▶ _About this task_: Every record must appear in your copy exactly as written, with no pictures.

[Dataset entries]
++++

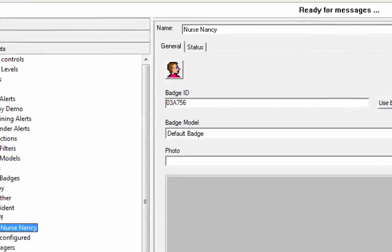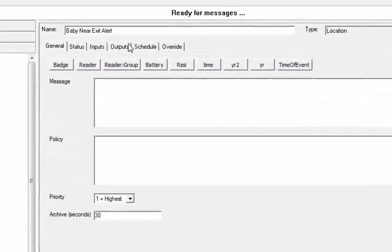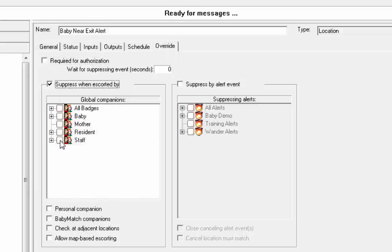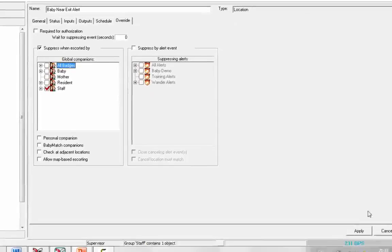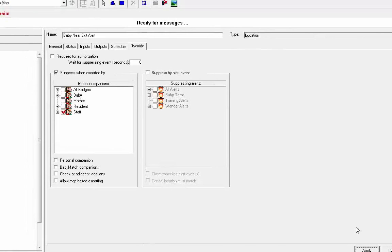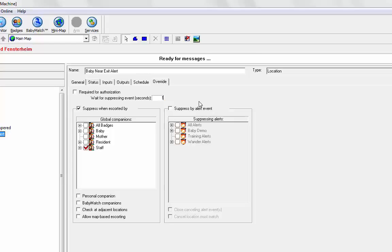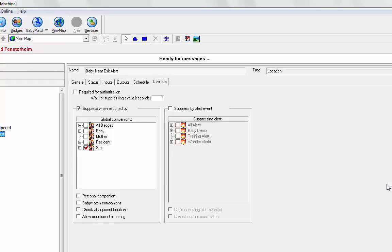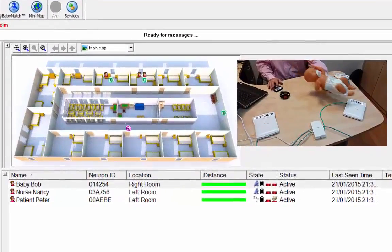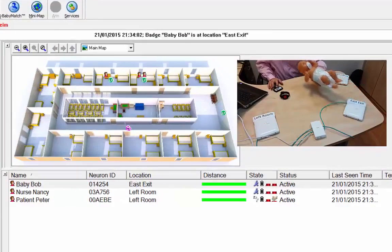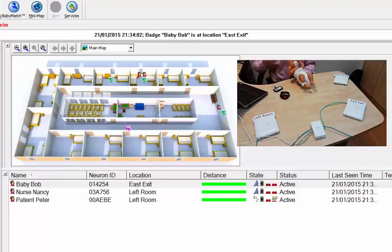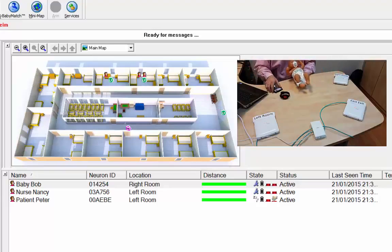Then, we're going to go into our alerts, and we're going to go to the baby near exit alerts. Where it says override, we're going to suppress when escorted by staff, a staff member. And we're going to give the alert, let's say, a second to make sure that the baby hits the LF field first. Then, it gives a chance, a one second chance for the staff to make, we can increase that time if necessary. I think one second should be enough. We're going to move it into the exit just to make sure that the alarm is still working. So, it was slightly slower because we did have that one second delay this time. Move it into the right room.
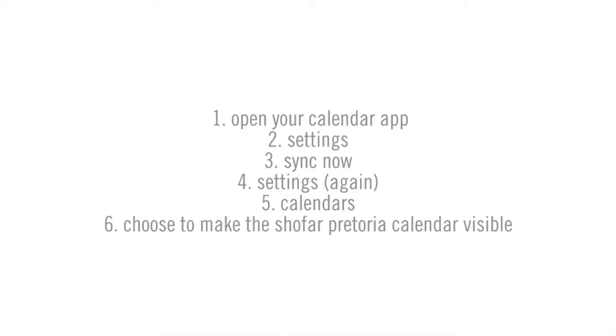Open your calendar app. Go to settings. Press sync. Click settings again. Click on calendars and choose to make Shofar Pretoria visible.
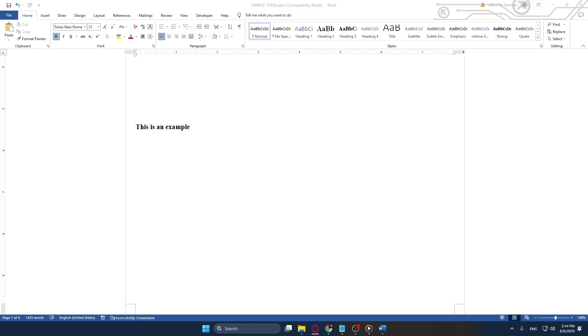Whether you're looking to streamline your workflow or add new functionalities, these steps will guide you smoothly through the process. First, let's start by opening the Microsoft Word file that you are currently working on or any file you wish to modify.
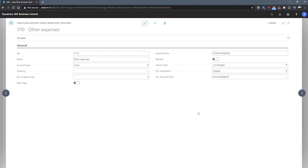If GL integration is set, then we can look at setting a GL account filter where we can specify which GL accounts should be used to determine the balance and or budget entries. We can set ranges and set individual accounts or a combination of the both using the pipe.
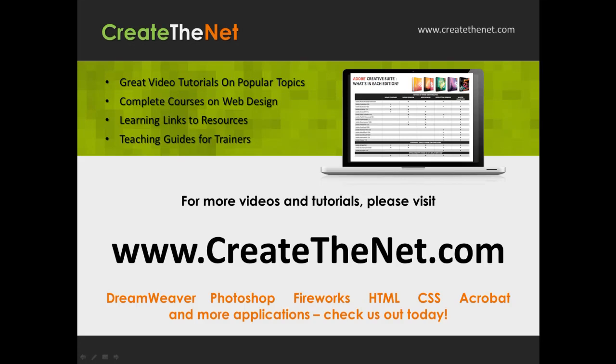For more great videos and learning tutorials, or to download the exercises that go with these videos, please visit our website at www.createthenet.com.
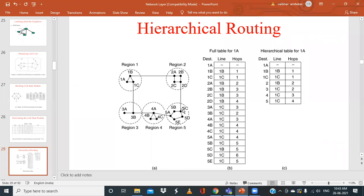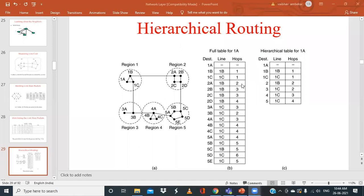By organizing routers into regions, each router only maintains information about routers within its own region, reducing the size of the routing database significantly. For example, router 1A can reach 1B via one hop, reach 1C directly in one hop, and reach router 2A via 1B — so the number of hops determines the path between regions.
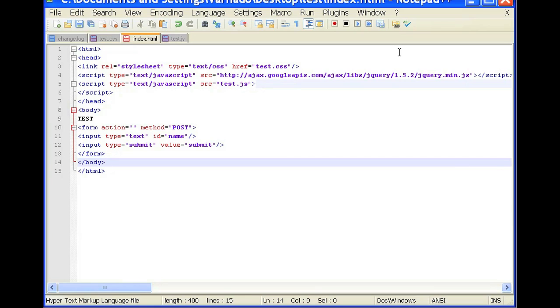Now, we're going to open our text editor and we're going to open up our HTML file. So our HTML file, we included the jQuery library.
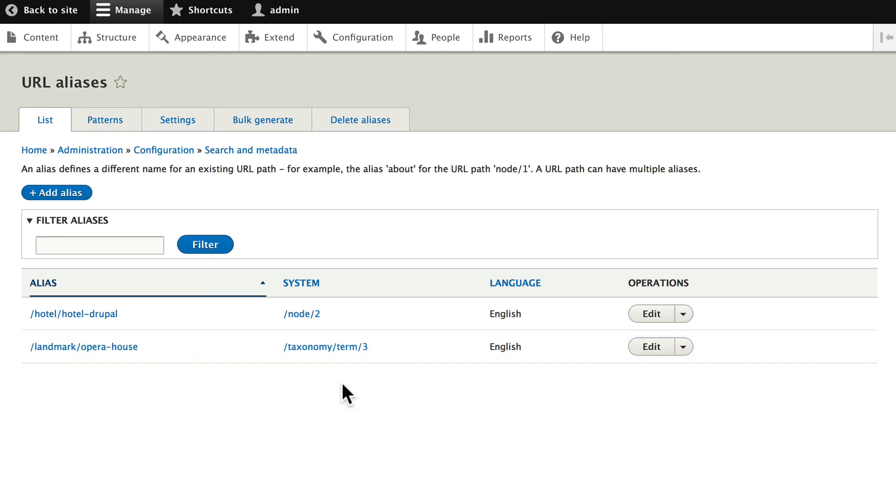Once again, it's always a good idea to set up the paths before you add content, but as I just demonstrated, you can delete the aliases and then bulk generate them later.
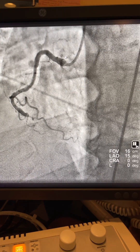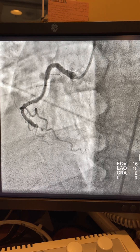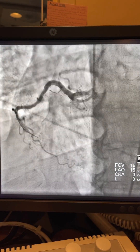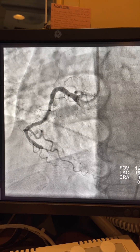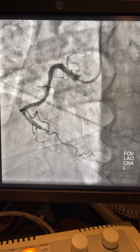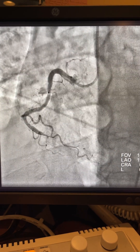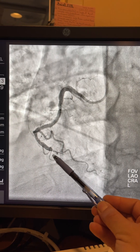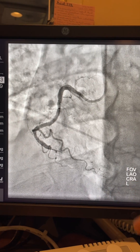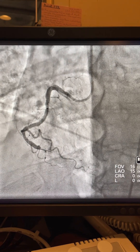Today I'll teach you one of the tricks in the CTO cases. First, starting with the guide — change it to a better supportive guide, from JR change to AL guide. This is a PT wire supported by a 1.25 balloon. We can see the duct here, trying to negotiate through the lesion, but the wire did not go through.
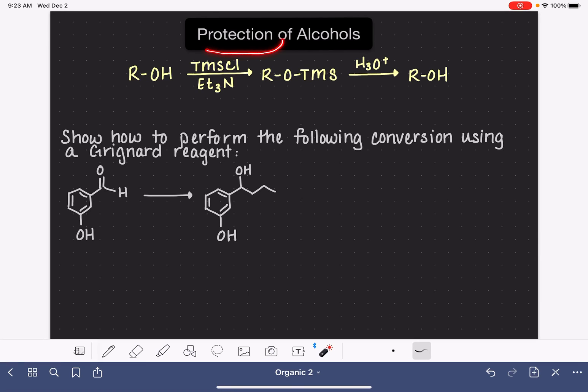In chemistry, protection refers to the temporary conversion of a reactive functional group. We temporarily convert it into a functional group that is non-reactive, so that it can be protected from being changed during some sort of chemical process.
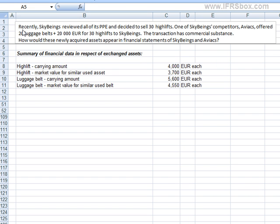Recently, SkyBeings reviewed all of its property, plant and equipment and decided to sell 30 highlifts. One of SkyBeings' competitors, Aviox, offered 20 luggage belts plus €20,000 for the 30 highlifts. The transaction has commercial substance. How would these newly acquired assets appear in the financial statements of SkyBeings and Aviox?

++++

▶ _Finished exercise_:
Then, we're going to go into our alerts, and we're going to go to the baby near exit alerts. Where it says override, we're going to suppress when escorted by staff, a staff member. And we're going to give the alert, let's say, a second to make sure that the baby hits the LF field first. Then, it gives a chance, a one second chance for the staff to make, we can increase that time if necessary. I think one second should be enough. We're going to move it into the exit just to make sure that the alarm is still working. So, it was slightly slower because we did have that one second delay this time. Move it into the right room.
Open your calendar app. Go to settings. Press sync. Click settings again. Click on calendars and choose to make Shofar Pretoria visible.
Whether you're looking to streamline your workflow or add new functionalities, these steps will guide you smoothly through the process. First, let's start by opening the Microsoft Word file that you are currently working on or any file you wish to modify.
If GL integration is set, then we can look at setting a GL account filter where we can specify which GL accounts should be used to determine the balance and or budget entries. We can set ranges and set individual accounts or a combination of the both using the pipe.
For more great videos and learning tutorials, or to download the exercises that go with these videos, please visit our website at www.createthenet.com.
By organizing routers into regions, each router only maintains information about routers within its own region, reducing the size of the routing database significantly. For example, router 1A can reach 1B via one hop, reach 1C directly in one hop, and reach router 2A via 1B — so the number of hops determines the path between regions.
Now, we're going to open our text editor and we're going to open up our HTML file. So our HTML file, we included the jQuery library.
Once again, it's always a good idea to set up the paths before you add content, but as I just demonstrated, you can delete the aliases and then bulk generate them later.
Today I'll teach you one of the tricks in the CTO cases. First, starting with the guide — change it to a better supportive guide, from JR change to AL guide. This is a PT wire supported by a 1.25 balloon. We can see the duct here, trying to negotiate through the lesion, but the wire did not go through.
In chemistry, protection refers to the temporary conversion of a reactive functional group. We temporarily convert it into a functional group that is non-reactive, so that it can be protected from being changed during some sort of chemical process.
Recently, SkyBeings reviewed all of its property, plant and equipment and decided to sell 30 highlifts. One of SkyBeings' competitors, Aviox, offered 20 luggage belts plus €20,000 for the 30 highlifts. The transaction has commercial substance. How would these newly acquired assets appear in the financial statements of SkyBeings and Aviox?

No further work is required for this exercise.